=== The records ===

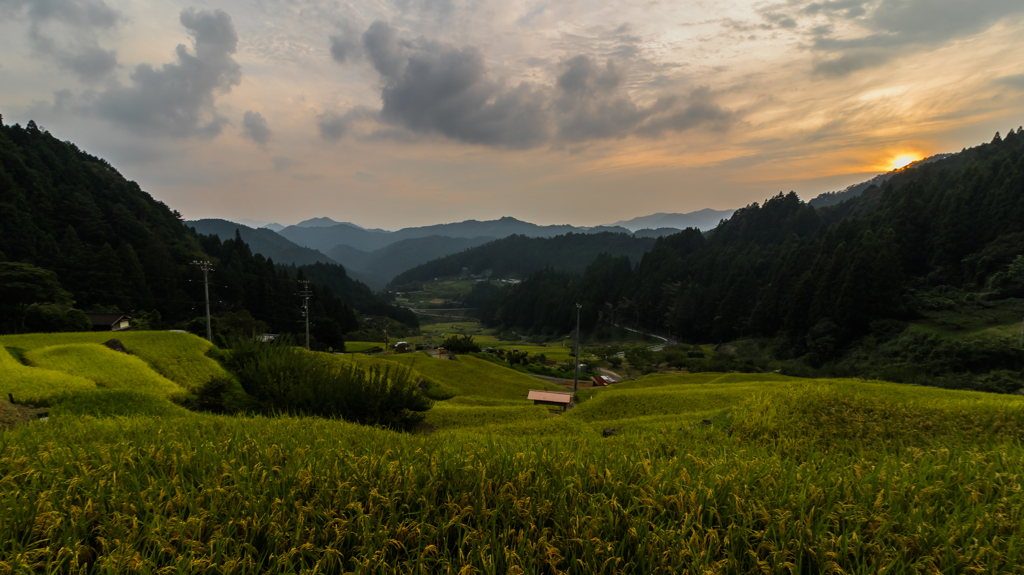 千枚田の夕暮れ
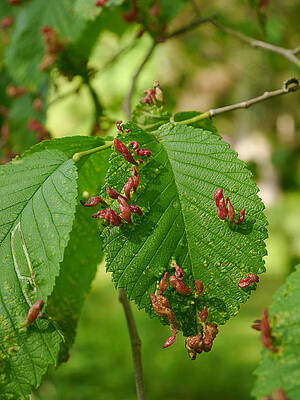 Historical Wall Art featuring the photograph Elm Pocket Gall by Richard Reeve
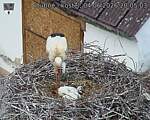 Capi_Dubne_20260604_200503.jpg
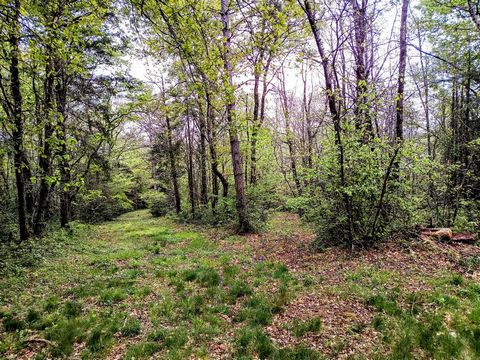 photo no. 13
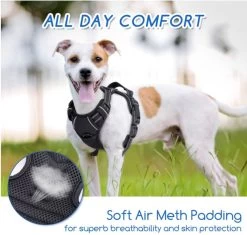 Nobleza 42ZHY - Hondenharnas - Hondentuigje - Anti Trek - L - Zwart 12 Nobleza 42ZHY - Hondenharnas - Hondentuigje - Anti Trek - L - Zwart -Dierenwinkel 1200x1141 7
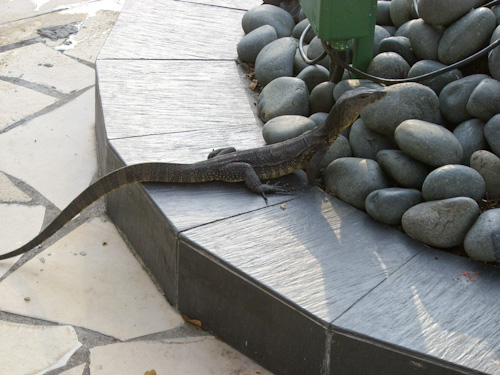 Echse im Poolbereich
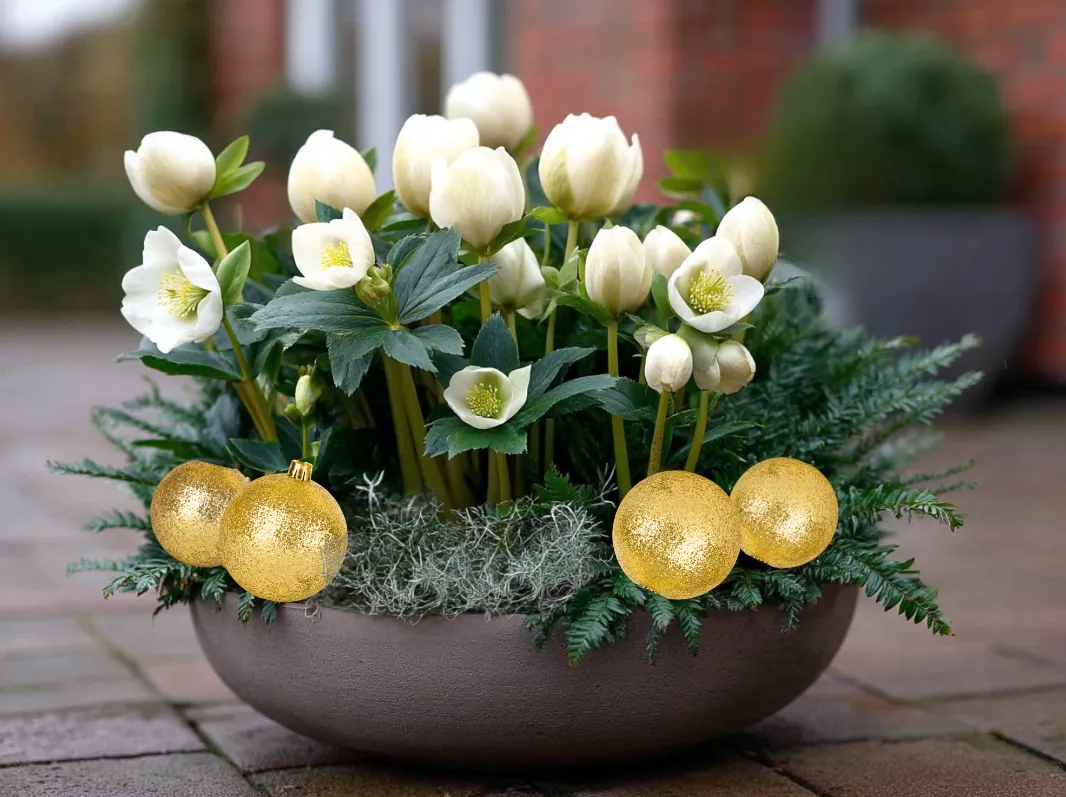 weiße christrosen farne und stacheldrahtpflanze in schale gepflanzt
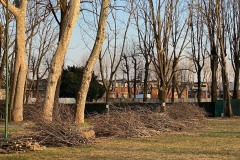 IMG_7946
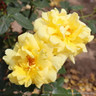 'Sunblest' - Hybrid Tea Rose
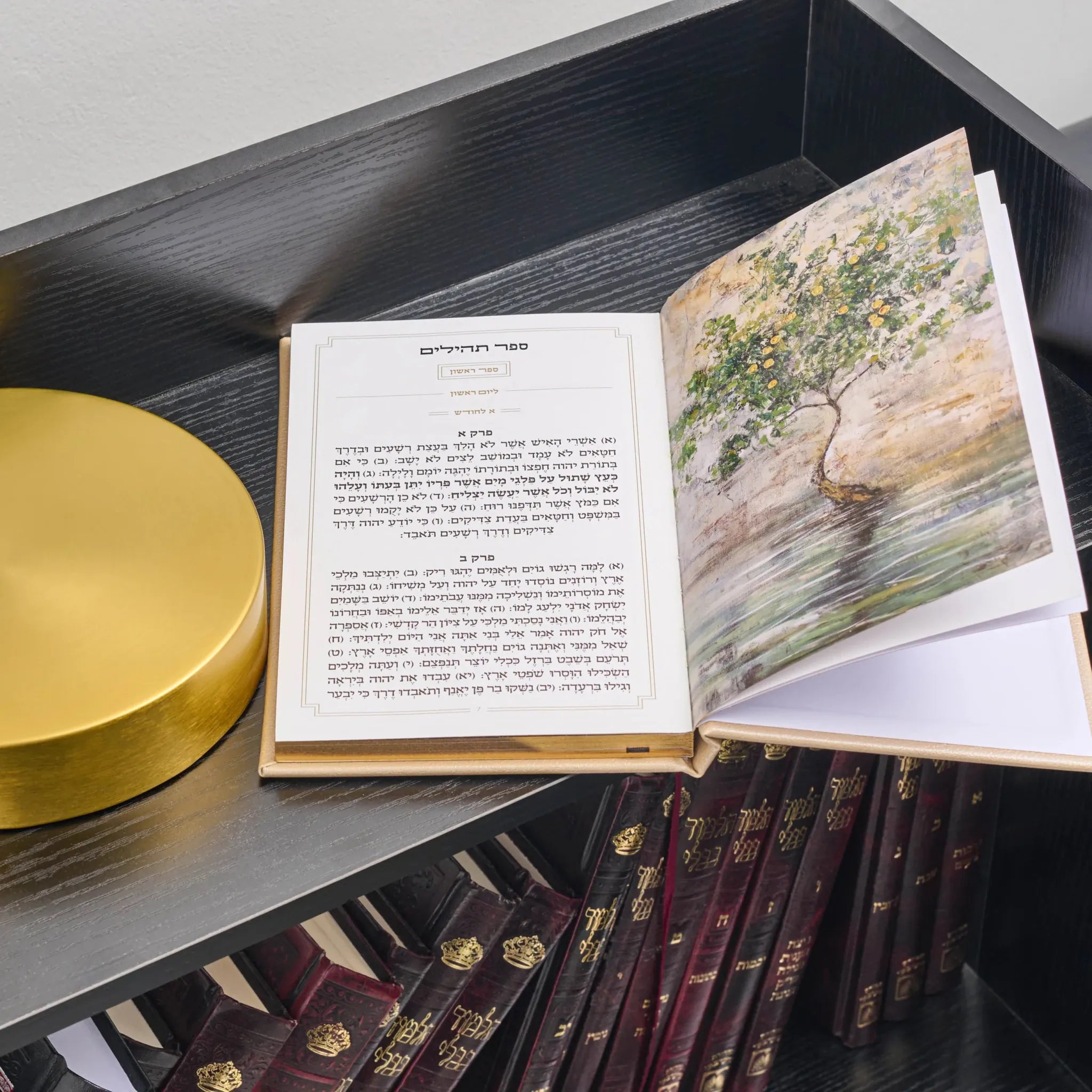 An open Hebrew leather tehillim book with printed text on one page and a tree illustration on the other, displayed on a dark shelf above other bound books.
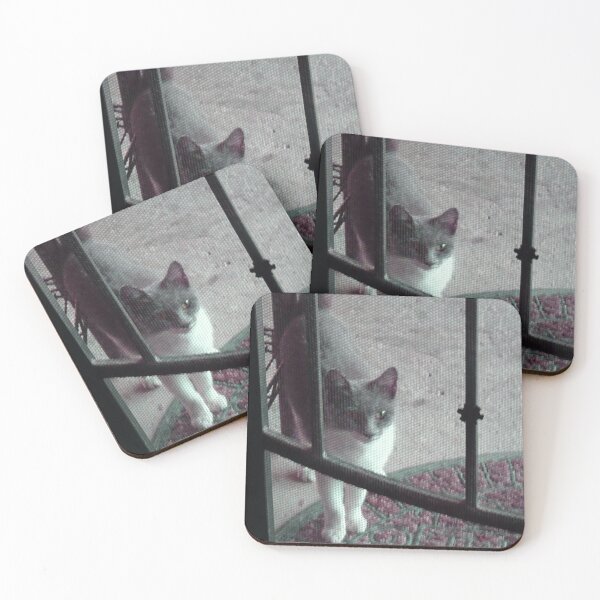 Item preview, Dinner Time Cat - Cat Waiting for Dinner designed and sold by Latorih10.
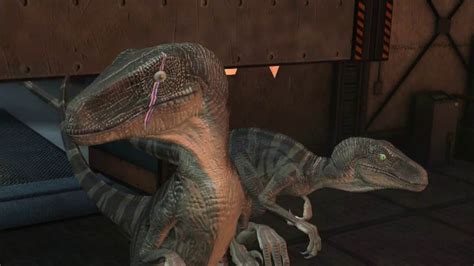 Image Scarred Raptor Leader Jptg 1 Jurassic Park Wiki Fandom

===

Required work: Leave the pictures aside. Set down exactly the lines from the one with "photo no. 13" through the final line of the listing above.

Output for this task:
 photo no. 13
 Nobleza 42ZHY - Hondenharnas - Hondentuigje - Anti Trek - L - Zwart 12 Nobleza 42ZHY - Hondenharnas - Hondentuigje - Anti Trek - L - Zwart -Dierenwinkel 1200x1141 7
 Echse im Poolbereich
 weiße christrosen farne und stacheldrahtpflanze in schale gepflanzt
 IMG_7946
 'Sunblest' - Hybrid Tea Rose
 An open Hebrew leather tehillim book with printed text on one page and a tree illustration on the other, displayed on a dark shelf above other bound books.
 Item preview, Dinner Time Cat - Cat Waiting for Dinner designed and sold by Latorih10.
 Image Scarred Raptor Leader Jptg 1 Jurassic Park Wiki Fandom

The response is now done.